4. Non-compliance with policy conditions: This was another defence raised by insurers and was based on three policy terms:

  1. The insured had failed to provide a detailed proof of loss within 90 days of the loss, as required by the policy. The judge found that there had been a breach of this term and it made no difference that the insurer investigated the loss itself. Insurers are entitled to see the evidence on which the insured intends to rely.
  2. The insured had failed to comply with the "examination under oath" clause in the policy. Reliance on that non-compliance was rejected though, on the ground that the insurer had failed to designate a time and place at which the documents were required to be produced. Furthermore, once litigation was started, the civil procedure rules relating to disclosure would override this clause.
  3. Although the proof of loss clause was only a condition (and not a condition precedent), the claim was barred because of a "Time for Suit" clause which prevented the insured from starting legal proceedings if it failed to comply with all the requirements of the policy.  The judge rejected the insured's argument that non-compliance with policy conditions would result only in a stay of proceedings until there had been full compliance. Furthermore, breach of the requirement to provide the proof of loss could not be remedied after the 90 days' deadline.

5. Notice of abandonment: Under the Marine Insurance Act, if there is a constructive total loss, the insured can treat this as a partial loss or an actual total loss (in which case the vessel must be abandoned to the insurer ie a notice of abandonment must be given). No such notice was given in time here. However, the insured sought to argue that notice was not necessary because insurers couldn't have benefitted from such notice. The judge held that even if insurers would not in practice want to take over the insured's interest in the wreck, nevertheless that is the insurer's decision to make. However, a further clause in the policy did render notice unnecessary. This read as follows: "In the event of Total Loss, the Underwriters waive interest in any proceeds from the sale…of the vessel or wreck".
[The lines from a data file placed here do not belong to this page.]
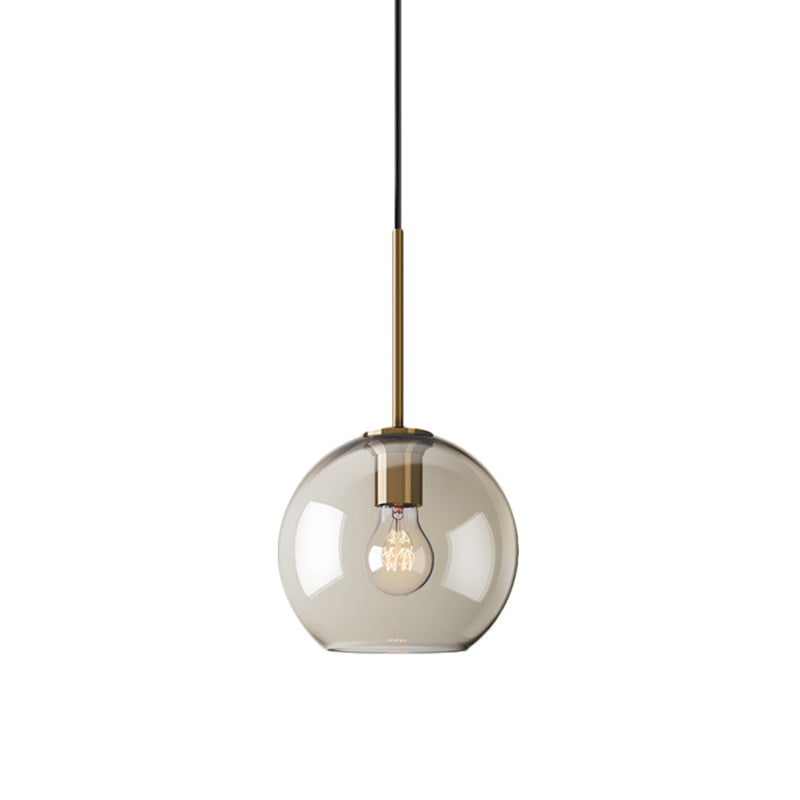 Modern Amber Glass Sphere Pendant Light - 8/10/12 Wide Brass Ceiling Hanging Fixture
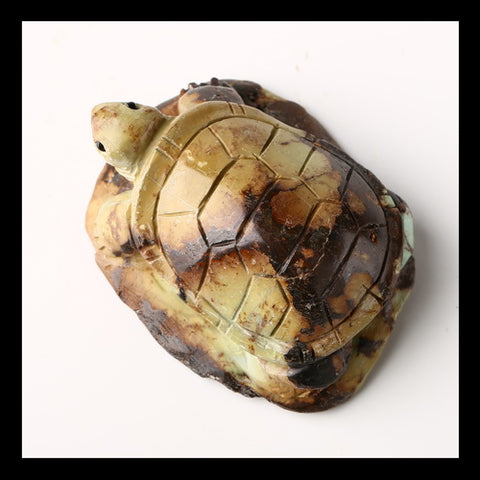 Turquoise Gemstone Turtle Carved Ornament, 51x38x23mm, 60g - MyGemGarden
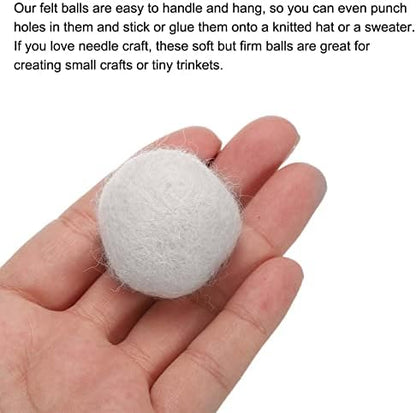 PATIKIL Wool Felt Balls Beads Wool Felting Pom 3cm 30mm White for Home Crafts Handcrafts Project DIY Pack of 5 - Image 4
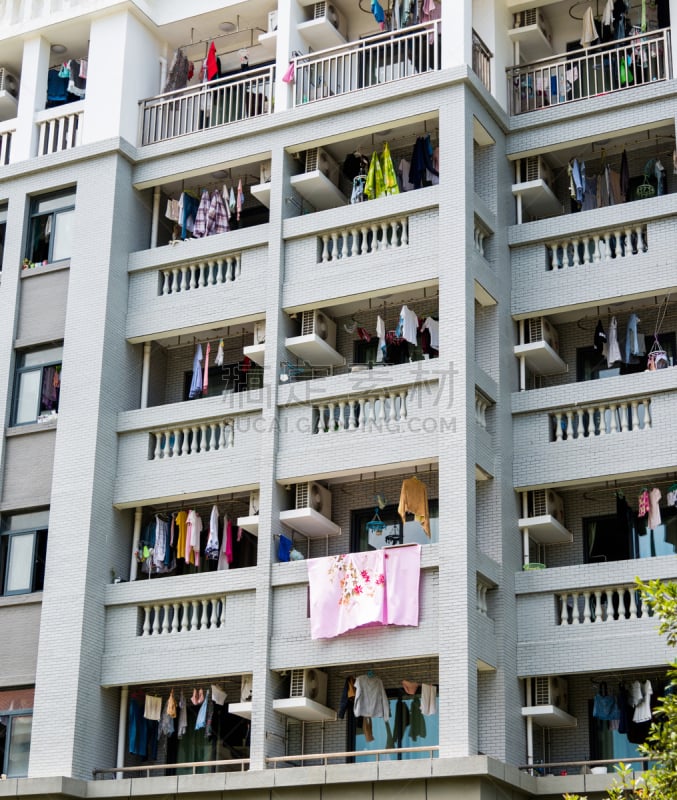 Close-up view of university dormitory balcony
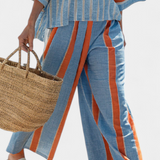 Velmere | Sophisticated Terracotta Striped Top & Linen Pants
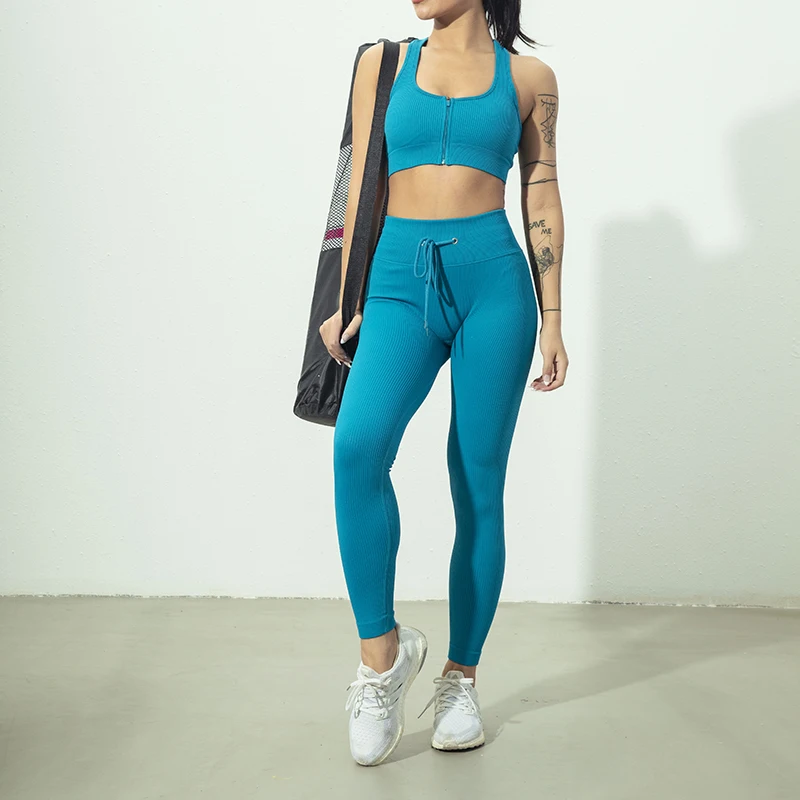 Seamless Women Yoga Set Workout Sportswear Gym Clothing Zipper Long Sleeve High Waist Leggings Fitness Bra Athletic Sports Suits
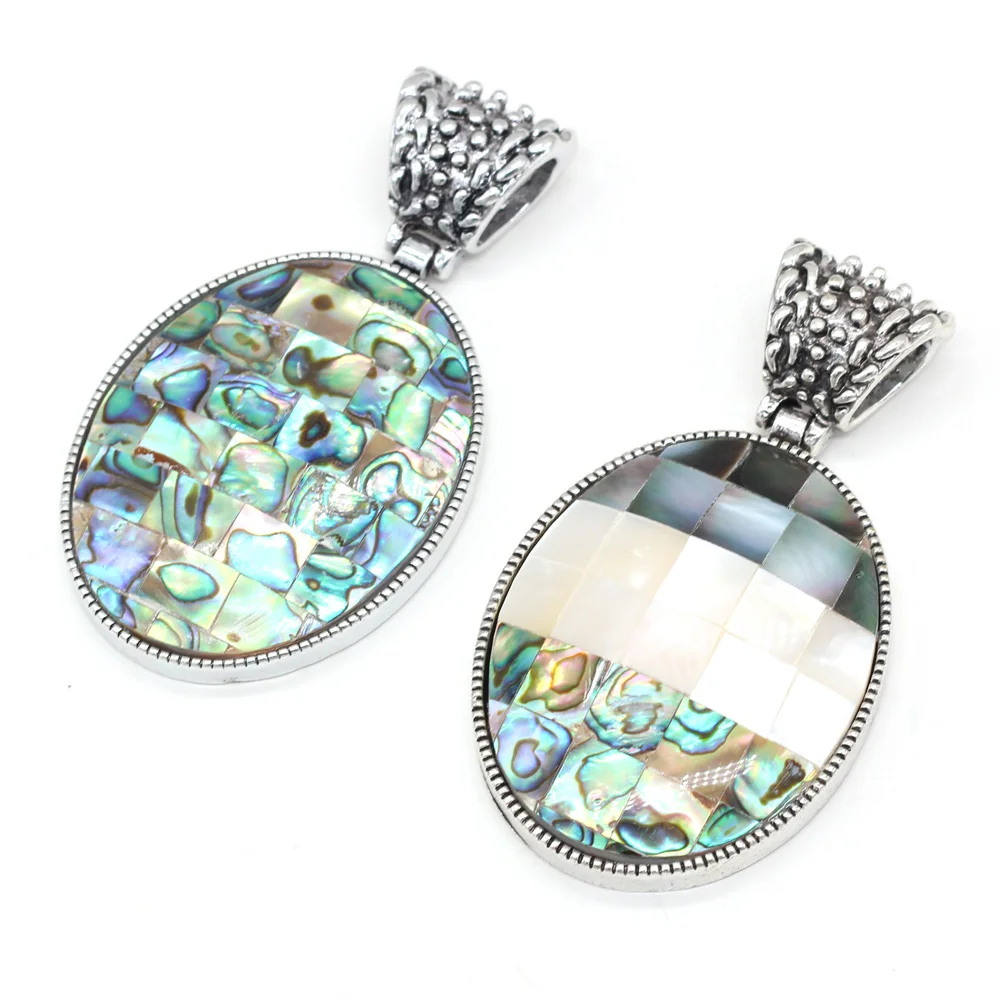 

Elliptical Mother of Pearl Shell Pendants Natural Abalone Shells Charms Pendant for DIY Necklace Making Jewelry Findings 42x75mm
6. Claims against brokers: The local Greek broker had used an English broker to place the insurance in London. Leggatt therefore considered the duties owed by a sub-broker to the insured.

Did the sub-broker here owe a duty of care to avoid economic loss to the insured? The sub-broker had had no contract with the insured and the judge held there had been no assumption of liability, since there was no evidence that the insured had relied on the sub-broker's expertise (the insured having only ever communicated with the Greek broker). Accordingly, no duty of care was owed. Nor had the sub-broker breached any duty to the Greek broker on the facts.

As for the Greek broker, the judge found that it had breached its duty to the insured by failing to advise the insured about the duty of disclosure (although that duty did not require him to ask if there had been any recent valuations) and by failing to ensure that the proposal form was properly completed.  As a result, the insured failed to obtain a valid insurance policy with cover of EURO 8 million. (However, taking into account the insured's subsequent breaches of the policy conditions, the broker was held liable only for the loss of a smaller claim under the Increased Value section of the policy to which those conditions did not apply).

COMMENT: This case raises several interesting points. One noteworthy comment by the judge was that under the Insurance Act 2015, the just remedy in this sort of case would be to treat the policy as if it provided cover for EURO 8 million instead of EURO 13m. Although the Act refers to what the particular insurer would have done, rather than an objective test, this case indicates that a judge might be disinclined to accept evidence from the particular insurer that he/she would not have wanted to cover the risk at all had he/she known the true situation (although in this case the judge had found that insurers of yachts are generally likely to accept that the value of the yacht in the policy could be wrong or out of date, and so there is less chance of an insurer being able to say that he would not have covered the risk at all had he known the true value was lower).